▸ **What you have to do**:
With the pictures excluded, retype the records that follow exactly.

▸ **Given data**:
_ _ _
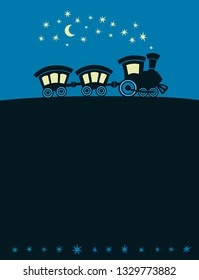 Card with the cute train. The engine goes through starlit night. For your text. Vector cartoon illustration.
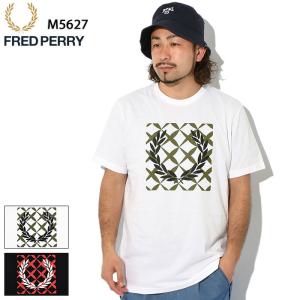 フレッドペリー Tシャツ 半袖 FRED PERRY メンズ クロス ステッチ プリンテッド (M5627 Cross Stitch Printed S/S Tee T-SHIRTS カットソー)[M便 1/1]｜icefield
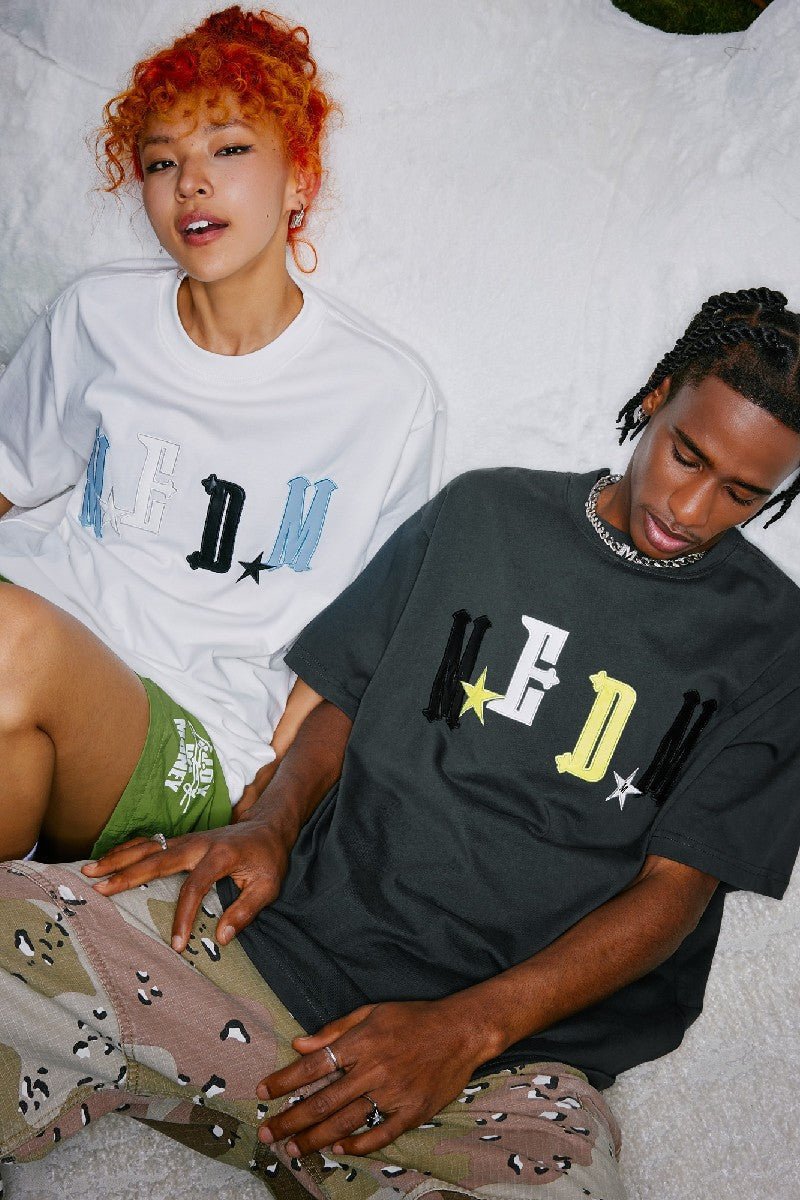 MEDM Embroidered Leather Logo Tee - COPPING THREADS - MEDM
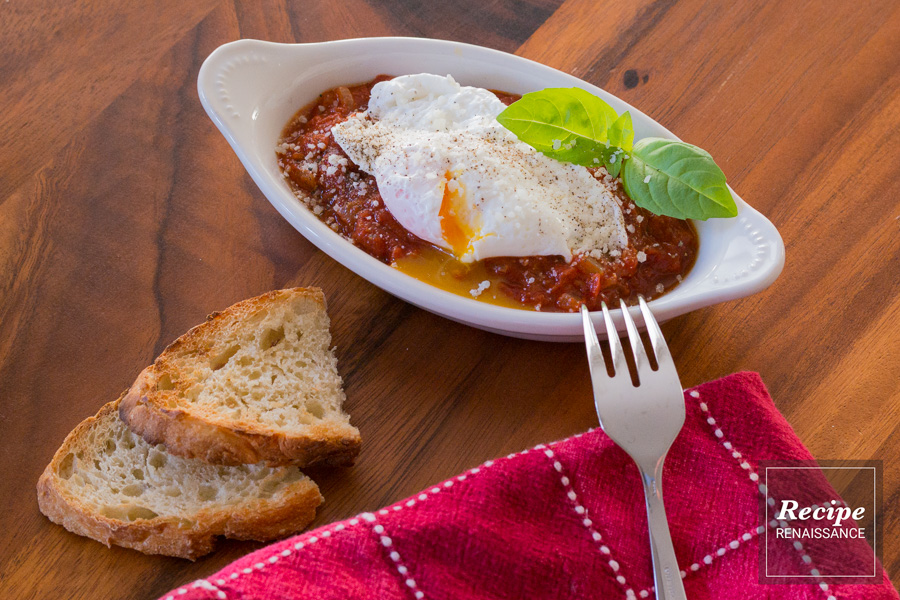 Tomato, Onion And Smoked Paprika Sauce With Poached Eggs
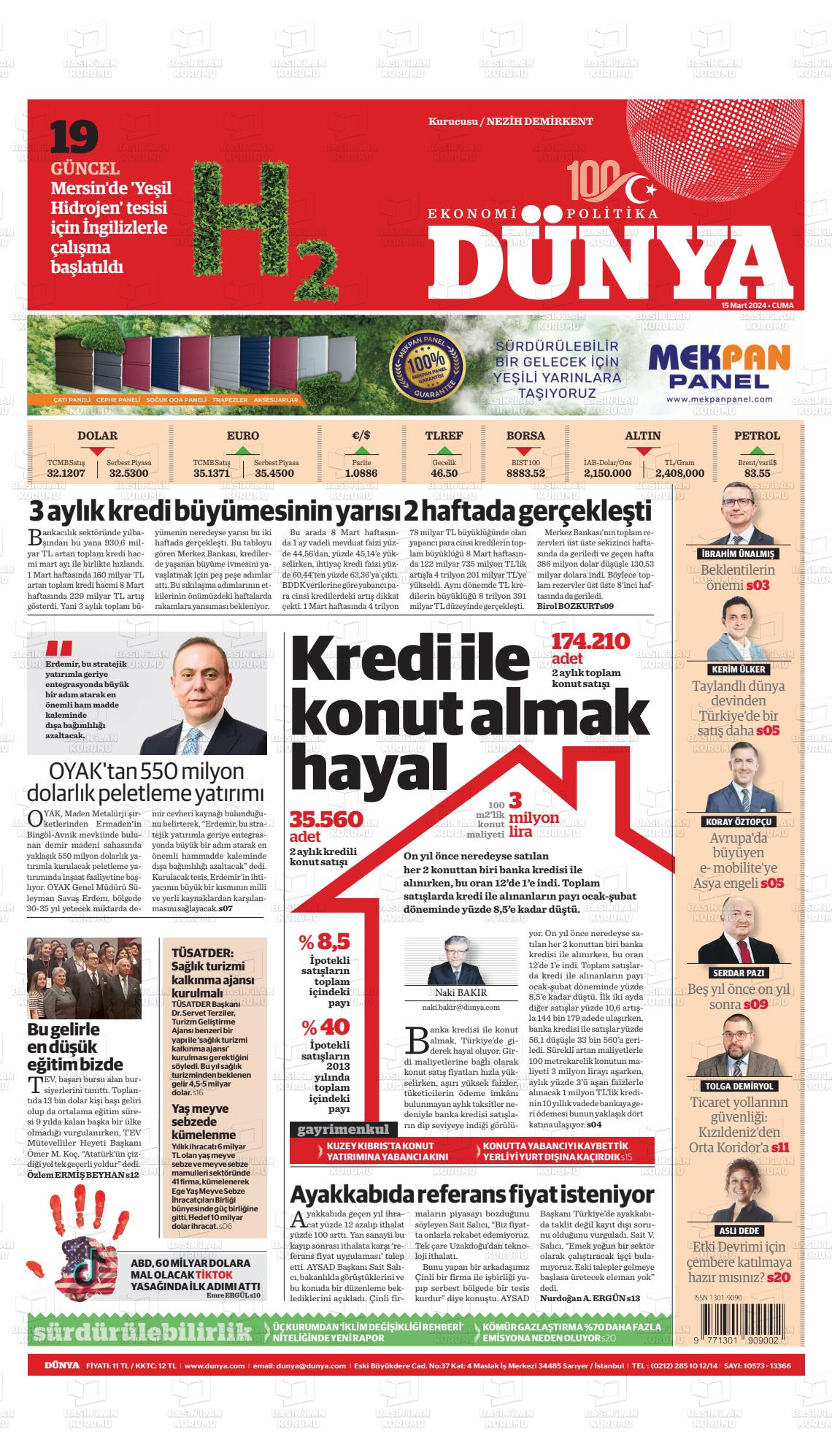 15 Mart 2024 Dünya Gazete Manşeti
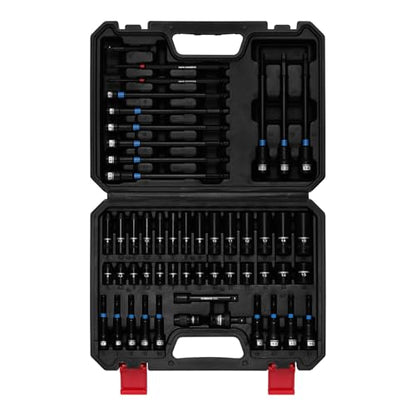 CASOMAN 52-Piece 1/4" Magnetic Nut Driver Set & 1/4" Dr. Shallow and Deep Impact Socket Set, Metric, Includes Adapter, Extension Bar, Universal Joint and Long Impact Bit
_ _ _
▸ **Reply**:
 Card with the cute train. The engine goes through starlit night. For your text. Vector cartoon illustration.
 フレッドペリー Tシャツ 半袖 FRED PERRY メンズ クロス ステッチ プリンテッド (M5627 Cross Stitch Printed S/S Tee T-SHIRTS カットソー)[M便 1/1]｜icefield
 MEDM Embroidered Leather Logo Tee - COPPING THREADS - MEDM
 Tomato, Onion And Smoked Paprika Sauce With Poached Eggs
 15 Mart 2024 Dünya Gazete Manşeti
 CASOMAN 52-Piece 1/4" Magnetic Nut Driver Set & 1/4" Dr. Shallow and Deep Impact Socket Set, Metric, Includes Adapter, Extension Bar, Universal Joint and Long Impact Bit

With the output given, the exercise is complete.